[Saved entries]
※

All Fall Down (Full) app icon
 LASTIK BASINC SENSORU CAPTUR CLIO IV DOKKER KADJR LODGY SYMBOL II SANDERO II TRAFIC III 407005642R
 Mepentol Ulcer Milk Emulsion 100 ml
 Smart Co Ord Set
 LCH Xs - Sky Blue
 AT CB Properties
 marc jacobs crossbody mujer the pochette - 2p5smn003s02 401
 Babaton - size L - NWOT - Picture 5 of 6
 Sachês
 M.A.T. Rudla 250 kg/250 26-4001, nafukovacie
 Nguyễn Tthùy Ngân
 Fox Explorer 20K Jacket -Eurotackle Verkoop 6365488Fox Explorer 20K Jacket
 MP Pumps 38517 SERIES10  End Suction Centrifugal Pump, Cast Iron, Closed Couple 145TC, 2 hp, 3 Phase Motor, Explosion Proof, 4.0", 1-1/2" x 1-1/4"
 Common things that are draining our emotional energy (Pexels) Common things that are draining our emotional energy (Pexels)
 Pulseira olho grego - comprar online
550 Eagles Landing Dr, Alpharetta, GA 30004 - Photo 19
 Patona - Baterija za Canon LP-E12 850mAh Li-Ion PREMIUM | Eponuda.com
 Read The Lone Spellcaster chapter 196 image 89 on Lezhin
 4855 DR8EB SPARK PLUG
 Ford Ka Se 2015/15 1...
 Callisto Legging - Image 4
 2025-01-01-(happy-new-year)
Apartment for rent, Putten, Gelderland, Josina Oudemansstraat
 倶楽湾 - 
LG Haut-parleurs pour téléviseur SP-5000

※

To do.
Transcribe every line of the records exactly, please.

Written solution.
All Fall Down (Full) app icon
 LASTIK BASINC SENSORU CAPTUR CLIO IV DOKKER KADJR LODGY SYMBOL II SANDERO II TRAFIC III 407005642R
 Mepentol Ulcer Milk Emulsion 100 ml
 Smart Co Ord Set
 LCH Xs - Sky Blue
 AT CB Properties
 marc jacobs crossbody mujer the pochette - 2p5smn003s02 401
 Babaton - size L - NWOT - Picture 5 of 6
 Sachês
 M.A.T. Rudla 250 kg/250 26-4001, nafukovacie
 Nguyễn Tthùy Ngân
 Fox Explorer 20K Jacket -Eurotackle Verkoop 6365488Fox Explorer 20K Jacket
 MP Pumps 38517 SERIES10  End Suction Centrifugal Pump, Cast Iron, Closed Couple 145TC, 2 hp, 3 Phase Motor, Explosion Proof, 4.0", 1-1/2" x 1-1/4"
 Common things that are draining our emotional energy (Pexels) Common things that are draining our emotional energy (Pexels)
 Pulseira olho grego - comprar online
550 Eagles Landing Dr, Alpharetta, GA 30004 - Photo 19
 Patona - Baterija za Canon LP-E12 850mAh Li-Ion PREMIUM | Eponuda.com
 Read The Lone Spellcaster chapter 196 image 89 on Lezhin
 4855 DR8EB SPARK PLUG
 Ford Ka Se 2015/15 1...
 Callisto Legging - Image 4
 2025-01-01-(happy-new-year)
Apartment for rent, Putten, Gelderland, Josina Oudemansstraat
 倶楽湾 - 
LG Haut-parleurs pour téléviseur SP-5000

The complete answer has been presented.